Date | May 2011 | Marks available | 4 | Reference code | 11M.2.HL.TZ1.2 |
Level | Higher level | Paper | Paper 2 | Time zone | Time zone 1 |
Command term | Deduce | Question number | 2 | Adapted from | N/A |
Question
This question is about a probe in orbit.
A probe of mass m is in a circular orbit of radius r around a spherical planet of mass M.
State why the work done by the gravitational force during one full revolution of the probe is zero.
Deduce for the probe in orbit that its
(i) speed is \(v = \sqrt {\frac{{GM}}{r}} \).
(ii) total energy is \(E = - \frac{{GMm}}{{2r}}\).
It is now required to place the probe in another circular orbit further away from the planet. To do this, the probe’s engines will be fired for a very short time.
State and explain whether the work done on the probe by the engines is positive, negative or zero.
Markscheme
because the force is always at right angles to the velocity / motion/orbit is an equipotential surface;
Do not accept answers based on the displacement being zero for a full revolution.

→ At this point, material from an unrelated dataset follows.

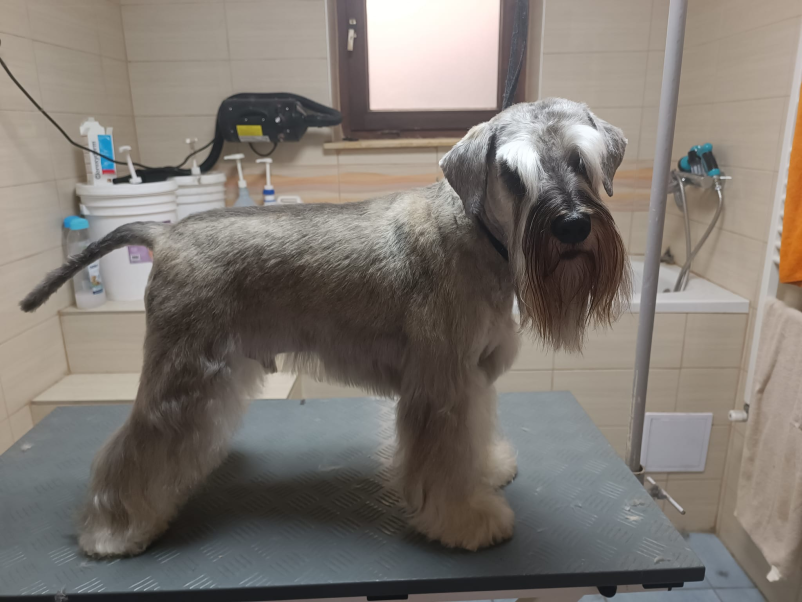 Dober pasji salon Šentjur, Savinjska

(i) equating gravitational force \(\frac{{GMm}}{{{r^2}}}\);
to centripetal force \(\frac{{m{v^2}}}{r}\) to get result;
(ii) kinetic energy is \(\frac{{GMm}}{{2r}}\);
addition to potential energy −\(\frac{{GMm}}{{r}}\) to get result;
the total energy (at the new orbit) will be greater than before/is less negative;
hence probe engines must be fired to produce force in the direction of motion / positive work must be done (on the probe);
Award [1] for mention of only potential energy increasing.